They were put in touch with Openreach, the business responsible for the majority of the UK’s local phone and broadband network, prompting Neil Lehane, a senior manager in Nottingham, to rally support within his team to not only find unwanted materials, but to also sort and prepare them. Most of the work took place in the engineers’ own time, outside of working hours.

The end result is thousands of unwanted bits of wire and cable are now being donated to the charity’s day centre, something Neil and his colleagues are delighted with: “When we received the request from Headway Nottingham, we all felt it was something we wanted to help out with. As a team, we enjoy putting something back into our local communities and one of the advantages of working for such a big organisation is that we have lots of resource and willing volunteers available.

“When a cabling or wiring job is finished, there are often bits left over, which are too small to use elsewhere and end up being recycled. We spoke to Michael, the services manager at Headway Nottingham, who let us know what length and thickness was best. And after a bit of searching around, we were able to get hold of some and it didn’t take long to get them cleaned up, sorted and ready to donate to the charity.”

Headway Nottingham, founded in 1996, provides the only long-term set of services in Nottinghamshire for people affected by brain injury, their families and carers, including a day rehabilitation and support centre and an early intervention service.

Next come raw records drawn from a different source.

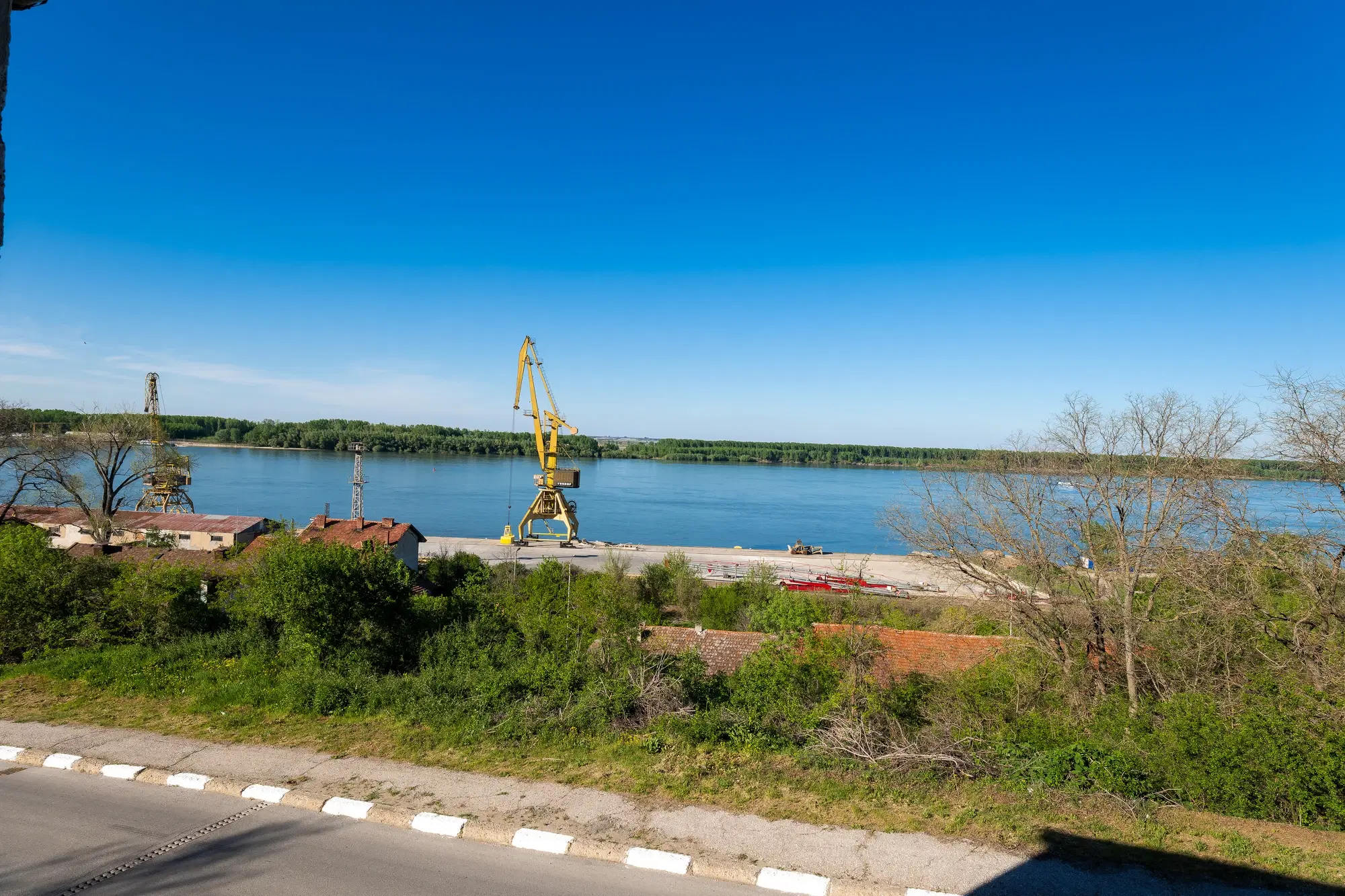 Hoofdgebouw + uitbreiding + oprit/laadperron en 277 m2 land in Oryahovo - Bulgarije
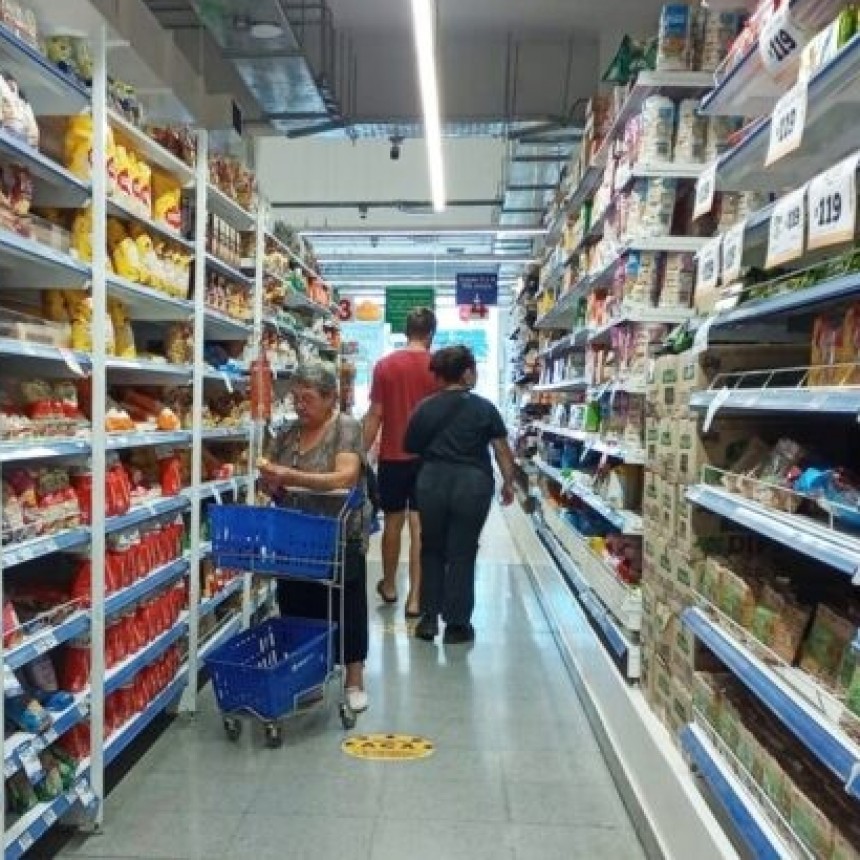 CONSUMO: 2024 CERRÓ CON CAÍDAS EN LAS VENTAS DE SUPERMERCADOS Y MAYORISTAS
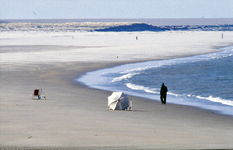 DIA-12313 Brouwersdam. Zeezijde: visser op het strand.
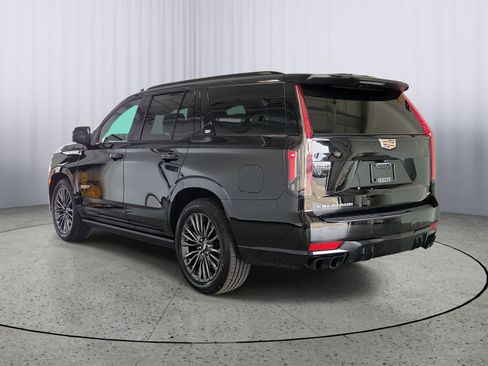 Used 2023 Cadillac Escalade V AWD/4WD image 4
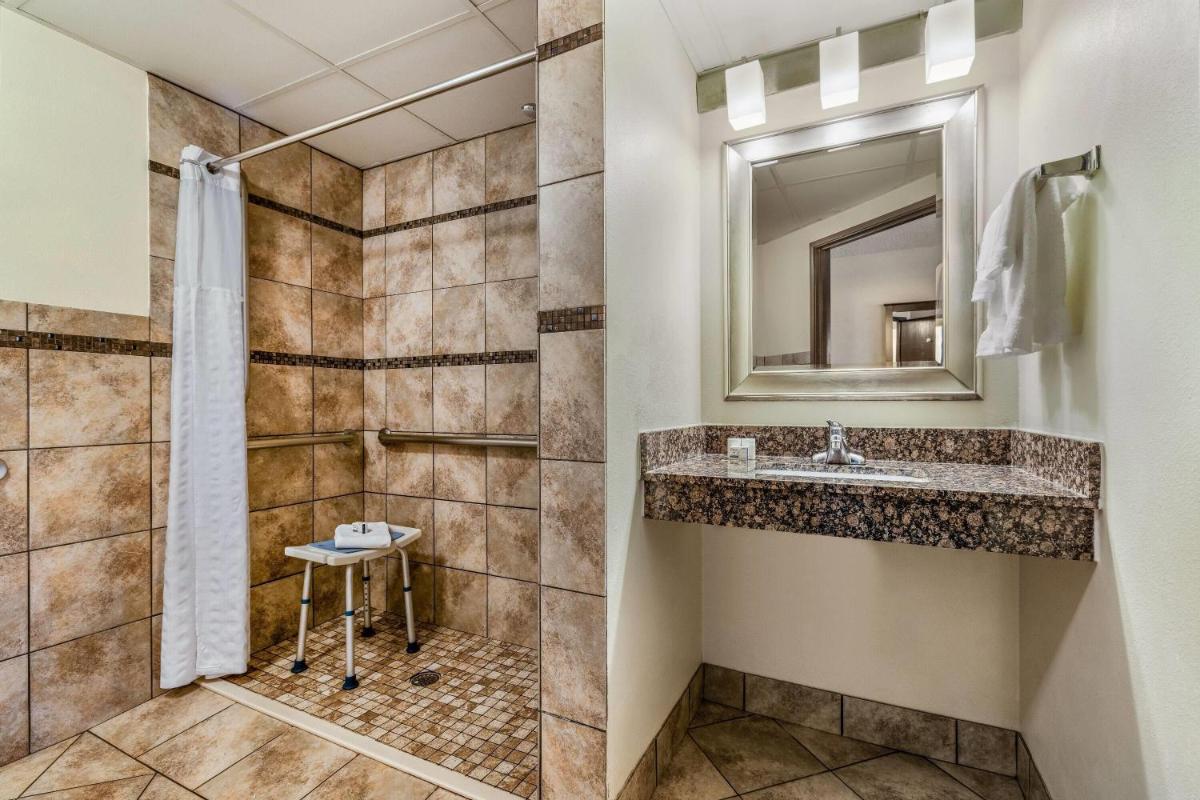 Baymont by Wyndham Bloomington MSP Airport - Housity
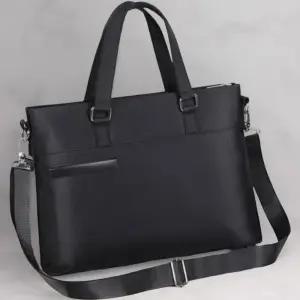 [옷자락]남성 사무직 비즈니스 블랙 넉넉한 수납 스트랩 서류가방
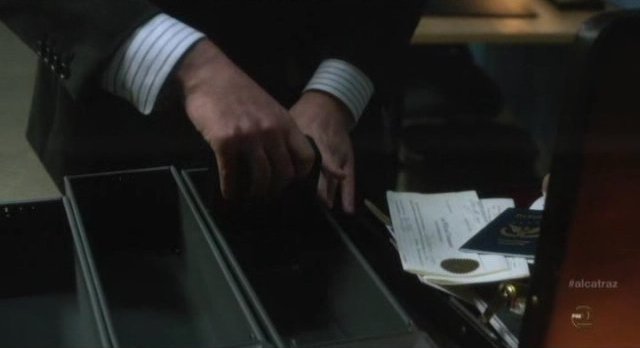 Alcatraz S1x04 - Cal loots the safety deposit boxes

More than 100 people use the centre and services manager Michael Tansley Thomas says the donated materials will make a huge difference: “We are so grateful to Neil and the team for putting in so much effort, particularly in their own time, to get these materials for the sessions. Even though to some it may seem like just wire, in the use and construction of the sculptures the clients work on essential aspects of the injury, like planning, task management, sequencing, concentration and memory skills, task completion and improved mental health. All of these aspects combined mean that, through Openreach enabling us to deliver these sessions with the desired materials, it goes a long way to help the progression of our clients over the longer term.”

It’s not the first time Openreach engineers in the Nottingham area have volunteered to help support community projects. Just last year, the same team renovated a playground, including providing new play equipment, at Arnold View Primary School.

Volunteering is a core element of BT’s strategy. The latest figures available show that, in a typical year, BT people in the East Midlands contribute more than 2,000 volunteering days to worthy causes, amounting to in-kind support of nearly £670,000. MyDonate - BT’s commission-free online fund-raising service – has helped raise more than £1 million for charities across the East Midlands.